Items from a data source
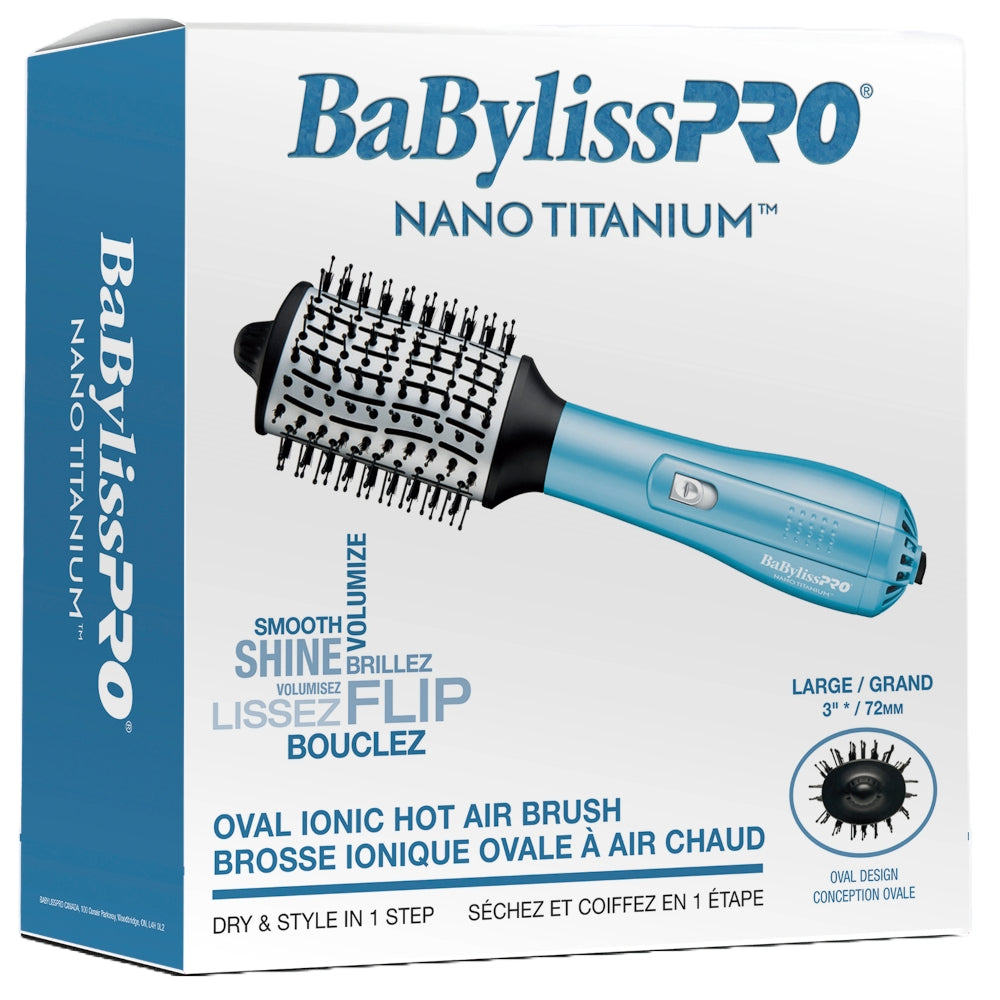 BabylissPRO Nano Titanium Oval Ionic Hot Air Brush Large 3"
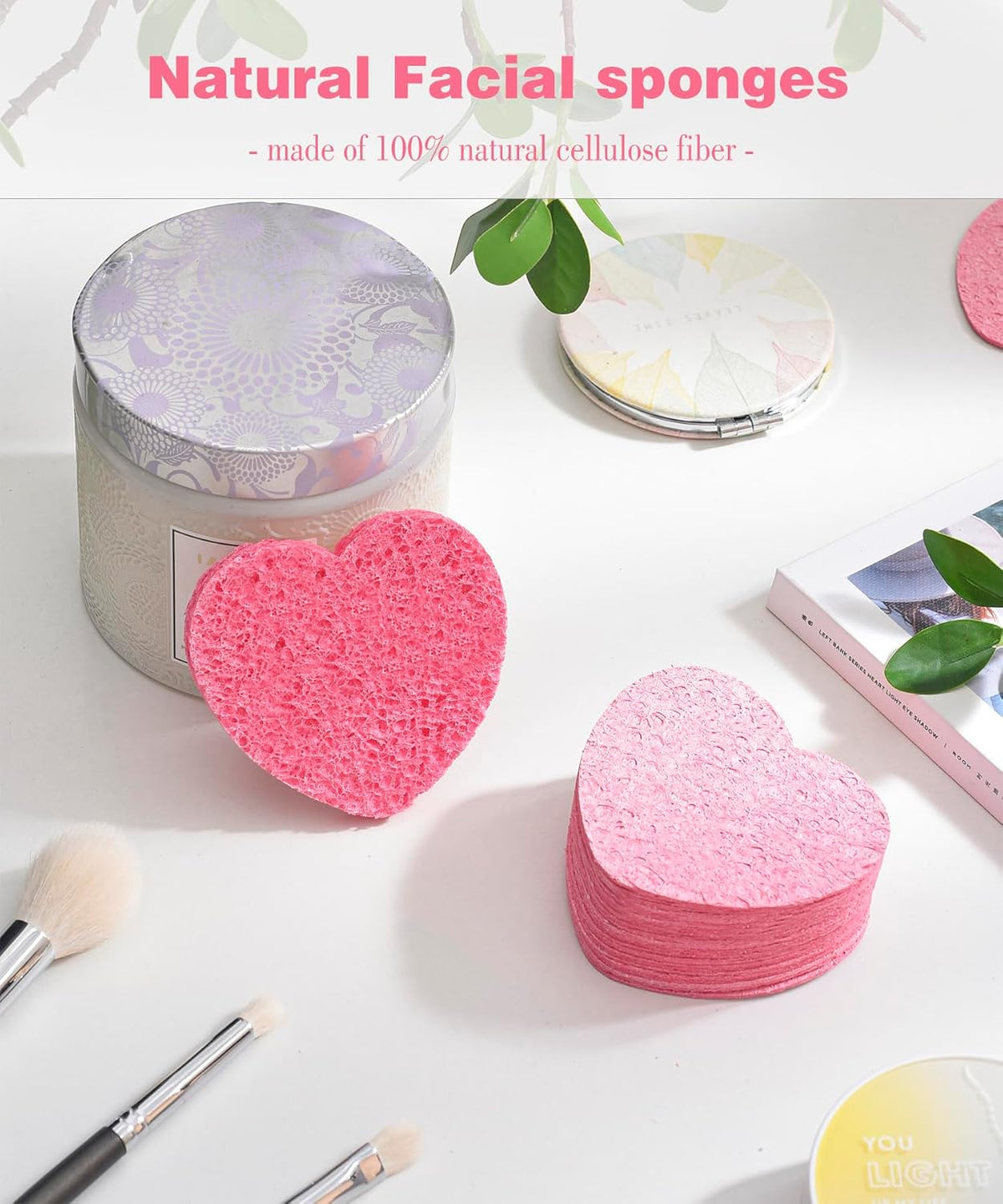 50-Count Compressed Facial Sponges for Estheticians- 100% Natural Cellulose Face Sponge Spa Sponges for Face Cleansing, Massage, Pore Exfoliating, Mask, Makeup Removal (Love-Pink)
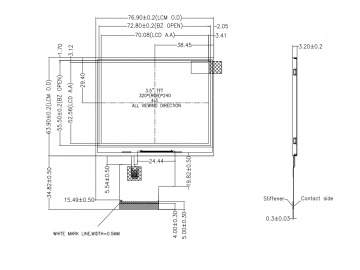 车载显示屏 3.5Inch 320X240 宽温 高亮显示屏 IPS 显示屏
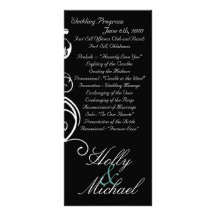 wedding,program,black,white,classy,simple,chic personalized rack card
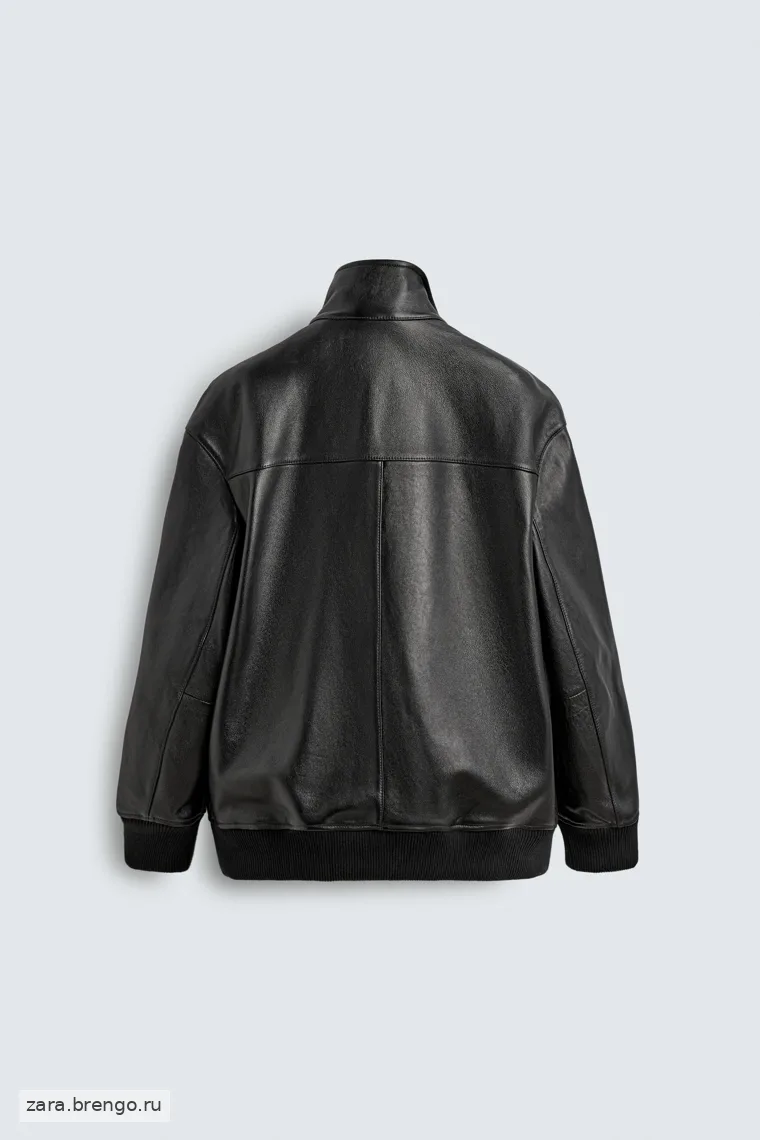 Куртка из натуральной кожи релакс-фит Zara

=== What you are asked to do ===
Copy all the data exactly as written, but skip any picture.

=== Exercise response ===
 BabylissPRO Nano Titanium Oval Ionic Hot Air Brush Large 3"
 50-Count Compressed Facial Sponges for Estheticians- 100% Natural Cellulose Face Sponge Spa Sponges for Face Cleansing, Massage, Pore Exfoliating, Mask, Makeup Removal (Love-Pink)
 车载显示屏 3.5Inch 320X240 宽温 高亮显示屏 IPS 显示屏
 wedding,program,black,white,classy,simple,chic personalized rack card
 Куртка из натуральной кожи релакс-фит Zara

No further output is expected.